◆ **Entries taken from a collection**:
★ ★ ★ ★ ★ ★ ★
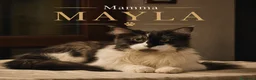 Maine Coon gatti in vendita: Cuccioli Maine Coon XXL con Pedigree ANFI - Annuncio 7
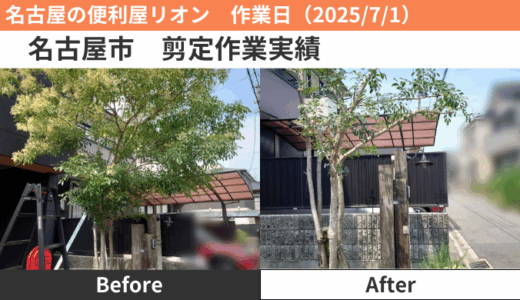名古屋市剪定作業実績（2025/7/1②）
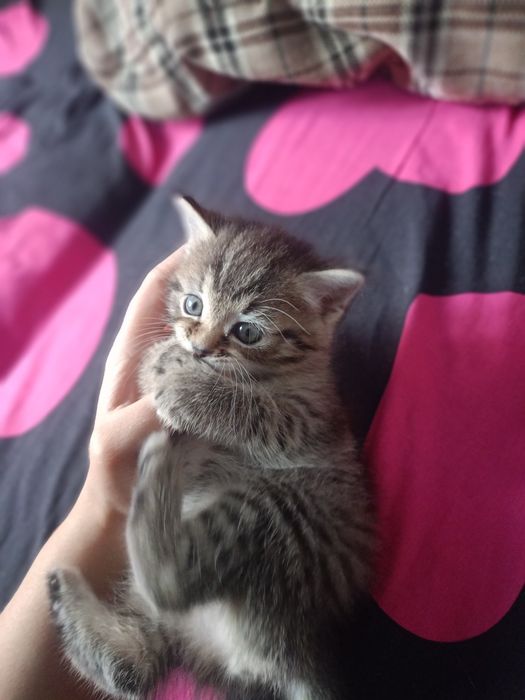 Котенок срочно в добрые руки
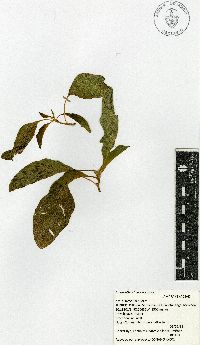 Amaranthus hypochondriacus image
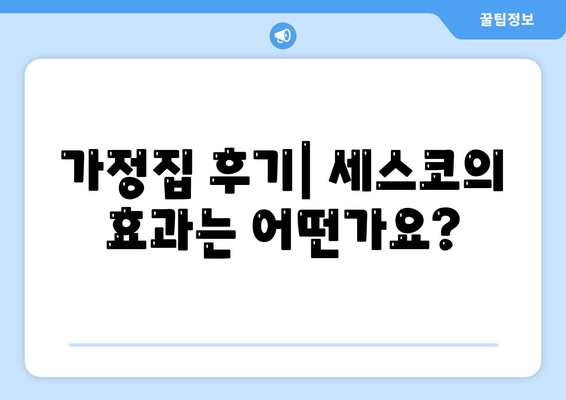 경기도 구리시 수택2동 세스코 가격과 가정집 후기 완벽 가이드 | 비용, 신청 방법, 좀벌래 해결책 2024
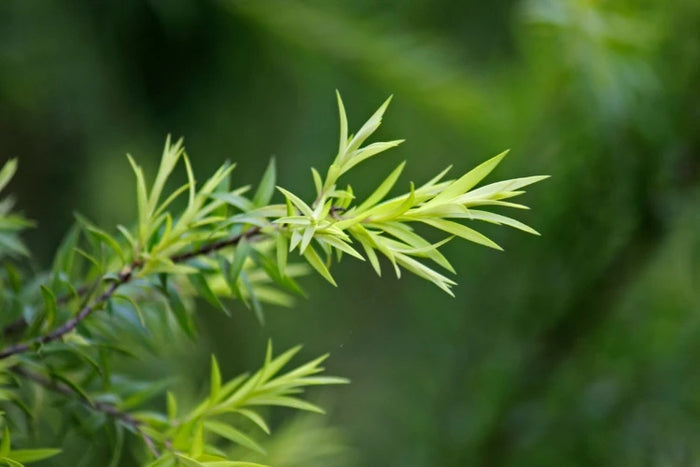 Teebaumöl – natürlicher Wirkstoff der ASK Natural Teebaumölseife. Reinigt sanft, wirkt antibakteriell und sorgt für ein klares Hautgefühl.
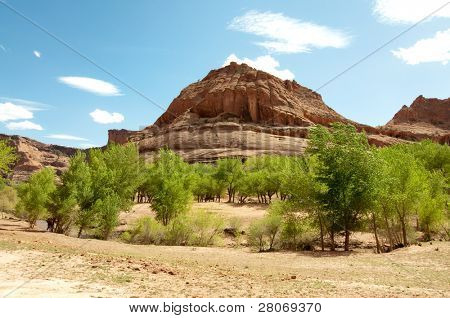 as plantas verdes e penhascos de rocha no Canyon de Chelly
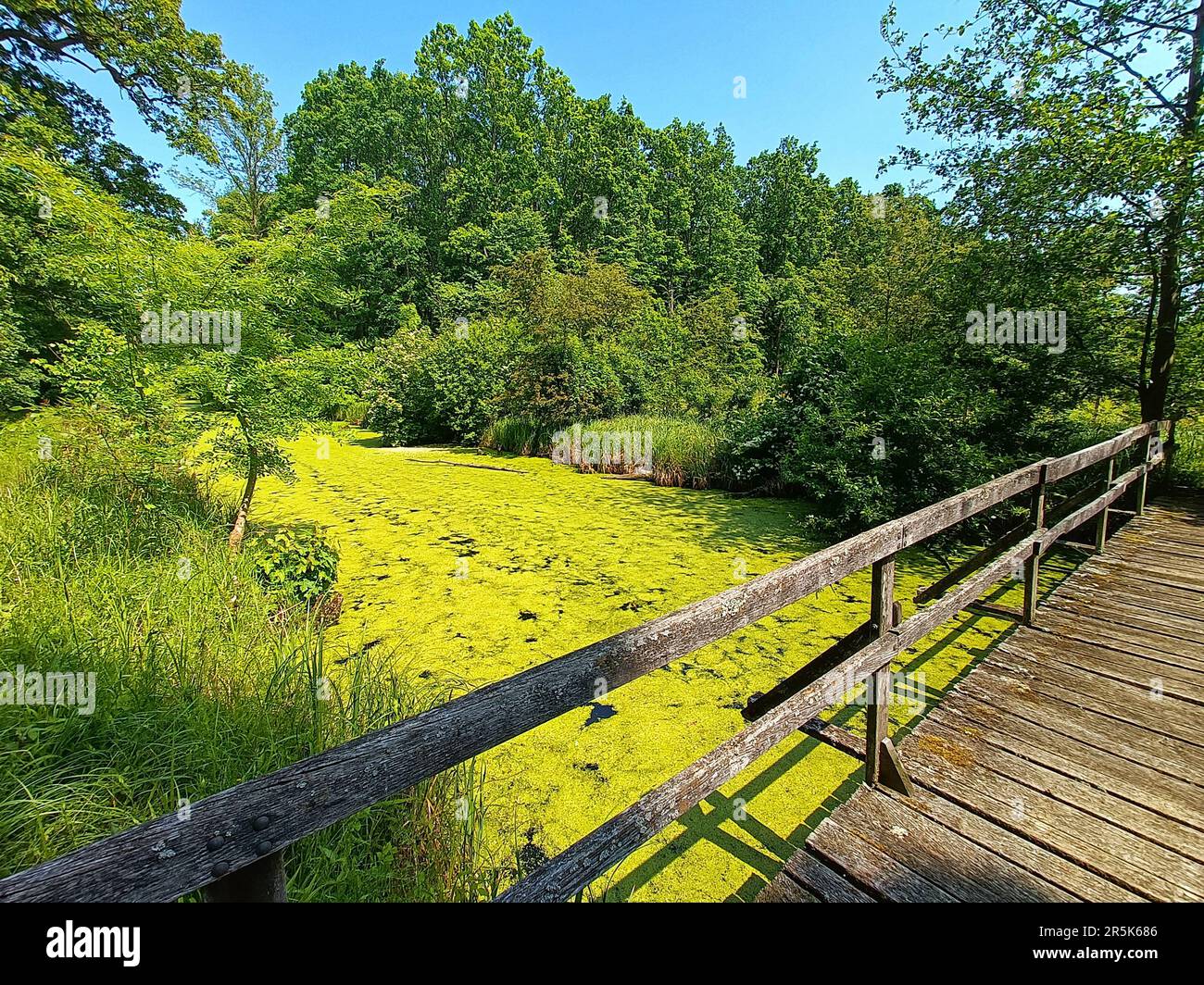 Vieux pont en bois traversant le lac oxbow au milieu d'une forêt de plaine inondable en Tchéquie, en Europe Banque D'Images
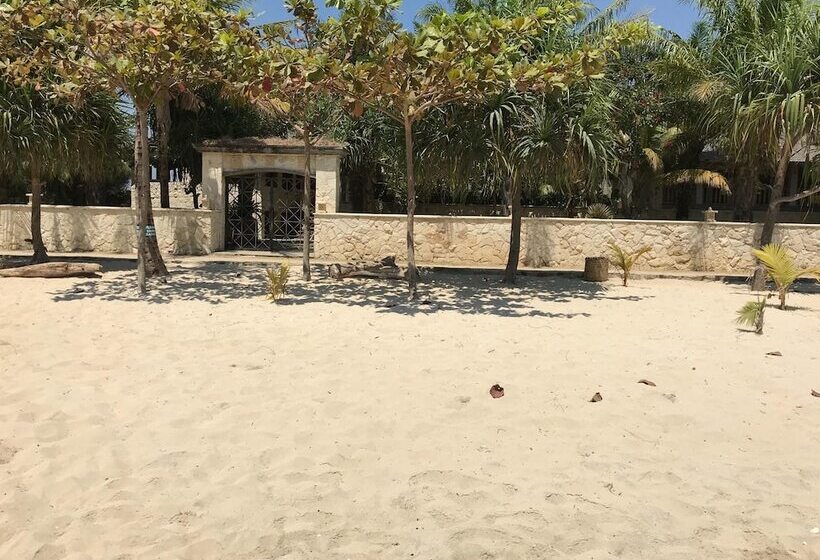 ホテル Coconut Lodge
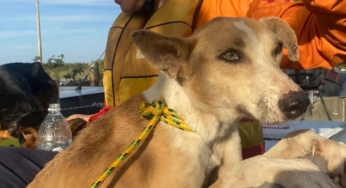 Mais de 200 animais resgatados em enchentes no RS ganham novo lar após feira de adoção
★ ★ ★ ★ ★ ★ ★
◆ **Exercise brief**: Reproduce each line of the records exactly and exclude any images.

◆ **Expected output**:
 Maine Coon gatti in vendita: Cuccioli Maine Coon XXL con Pedigree ANFI - Annuncio 7
名古屋市剪定作業実績（2025/7/1②）
 Котенок срочно в добрые руки
 Amaranthus hypochondriacus image
 경기도 구리시 수택2동 세스코 가격과 가정집 후기 완벽 가이드 | 비용, 신청 방법, 좀벌래 해결책 2024
 Teebaumöl – natürlicher Wirkstoff der ASK Natural Teebaumölseife. Reinigt sanft, wirkt antibakteriell und sorgt für ein klares Hautgefühl.
 as plantas verdes e penhascos de rocha no Canyon de Chelly
 Vieux pont en bois traversant le lac oxbow au milieu d'une forêt de plaine inondable en Tchéquie, en Europe Banque D'Images
 ホテル Coconut Lodge
 Mais de 200 animais resgatados em enchentes no RS ganham novo lar após feira de adoção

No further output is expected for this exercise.